So, in reality, Herod has no power of him, after all. Whether or not Herod wants him dead is immaterial. He will be killed because he is an enemy of the state, and the rulers of Jerusalem, in league with the state as they are, will kill him, just as they killed the prophets in generations past.
And still, Jesus goes to Jerusalem, to be with the people during the Passover. Why does he go? Is it because he thinks he has to die to satisfy God’s wrath at sinners? This is a later interpretation of the Jesus story that we cannot attribute to Jesus himself. Is it because he wanted to confront injustice there, to go straight to the heart of the powers that be in Israel and to call them out? Maybe. But he could do that in Galilee, just as John the Baptist did. There’s a really simple reason why Jesus wanted to go to Jerusalem, actually. It was Passover, and that is where the people would be, praying and longing for deliverance, faithfully remembering their traditions and rehearsing their hopes. Jesus wants to go and be with them in the midst of their occupation by the Roman empire. He wants to be with them as they are subjected to corrupt rulers who want to preserve the so-called peace of Rome because they have learned how to benefit from it. Jesus wants to go and be with the people as he calls out injustice, as he resists the reign of Caesar, and as he announces the kingdom of God in their midst. Just as he is with them in the Galilee, as he heals, casts out demons, counsels Jews to give Caesar back his dirty coins, sends out disciples two by two, aligns himself with those on the lowest rungs of the social ladder. These are all ways that he lives out his desire to be “with.”
Commentators note about this passage that is heavily laced with human desire. Herod wants Jesus dead. Jesus wants to gather the people of Jerusalem like a mother hen gathers her chicks. The people don’t want to be so gathered. The same Greek word is used in each instance. And the overall picture puts the wants of Jesus, God’s Messiah, and the people of God, both ruler and ruled, in opposition. And, in many ways, this opposition isn’t just about what Jesus stands for. It is about who he is.
Not just who he was in the first century, but who he is today. Jesus wants to be with us. We, so often, don’t want to be with him. That’s the heartbreak of this passage if we would hear it as a message for us. Now, to be fair, I don’t think that there is any doubt that we are “for” Jesus, just as the Palm Sunday crowds would be, especially when he stands up against those who wrong us or others that we care about. And, of course, we would “vote” for him if given the opportunity. We would root for him in a heated primary. We’d like him on facebook. We’d speak up for him on social media, and maybe even troll his opponents. We’d even canvass for him, going door to door, if it came to it. Well, maybe not! But, anyway, it’s not as if we aren’t committed to the cause.

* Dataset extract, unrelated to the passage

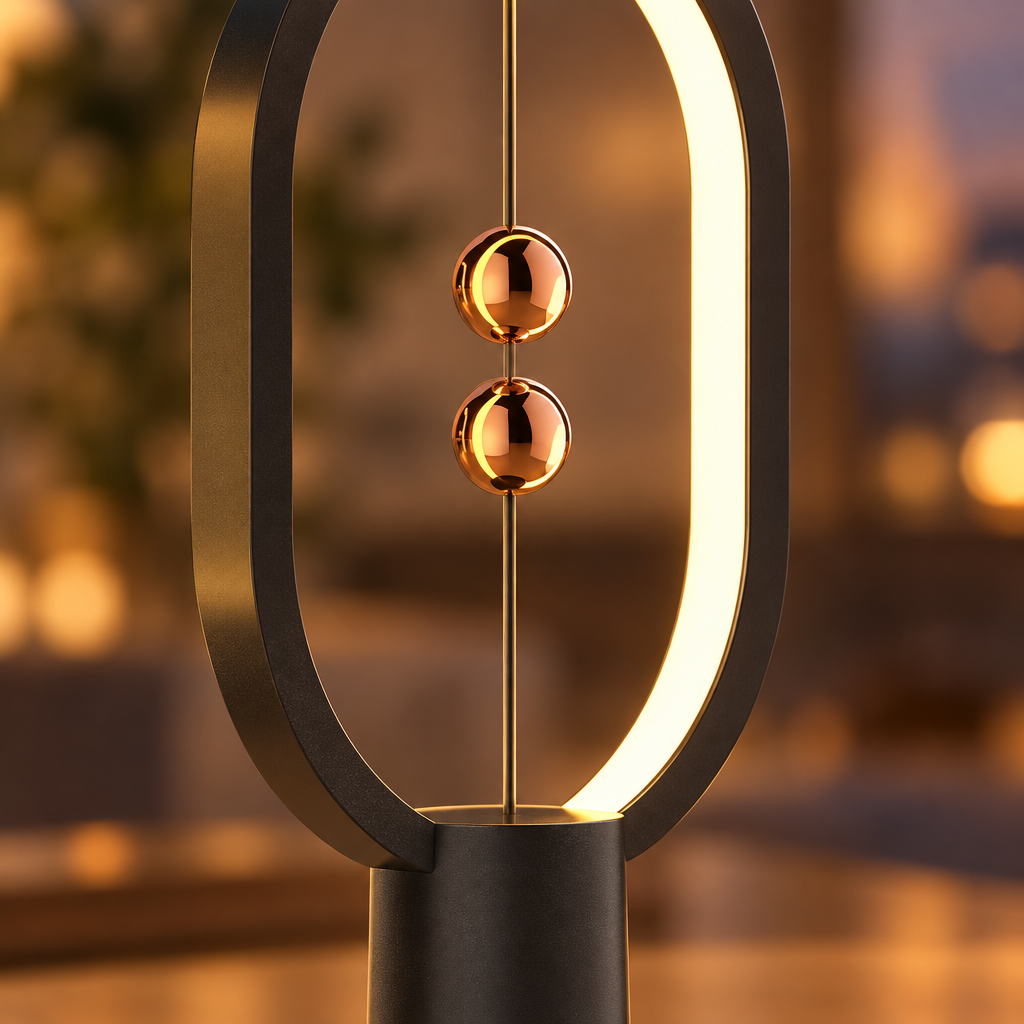 Magnetic Switch Suspended LED Table Lamp, USB Powered, Black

But “for” isn’t the most important word in Christianity, remember? Being Christian isn’t a matter, primarily, of being for something. It’s not a matter of being partisan. There is certainly a place for partisanship. After all, throughout Scripture God seems to be forthe outcast, the rejected, the poor. The Good Samaritan is for a Jewish stranger who has been robbed, beaten, and left for dead. Jesus himself is for the woman caught adultery when the blamers seek to end her life in a torrent of stones. But God’s being for is not the cold willfulness of choosing “a” instead of “b,” blue instead of red, or red instead of blue. It is, rather, that God is for those whom God wants to be with. The God we see in the flaming pillar that leads Israel through the desert, that we see even more brightly reflected in Jesus, is a God of passionate involvement, a God whose most powerful act is not to create, nor to manage, but to dwell with, to inhabit. “God with us” is an even greater truth than “in the beginning, God created…” God’s partisanship, God’s being forus, is really just an aspect of the fact that God wants to be with us.

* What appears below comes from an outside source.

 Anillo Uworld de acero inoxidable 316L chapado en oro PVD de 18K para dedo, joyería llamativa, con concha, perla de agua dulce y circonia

Being with is what God is. God is the one who wants to be with, who does not choose to be alone, isolated in divine splendor. God is the one whose very life consists in choosing community, of being together. And so, as we are aligned with God—if we feel that we must take a stand for God, let us never forget that being for God can only mean being with God’s creatures in their joys and in their sufferings. To be for God means to be with the victims of shootings and other violent attacks, in our own neighborhood or in New Zealand, whether they are like us or whether they are not. Being for God means being with those who are excluded from community or who are oppressed or exploited. Being for God, in fact, means acknowledging no boundaries to the call to be with. It means that no circle can be drawn around our love, that the human togetherness that we are for can’t be limited by the bounds of race, or nation, or religion. It’s daring and it’s dangerous to take that stand, because the powers of our world are all about breaking people up, keeping people isolated from each other, all about protecting and maintaining walls of division and hostility. But the object of our faith, the divine mother hen we know in Jesus Christ, is all about gathering the chicks, all about including everyone, all about with, even it kills her.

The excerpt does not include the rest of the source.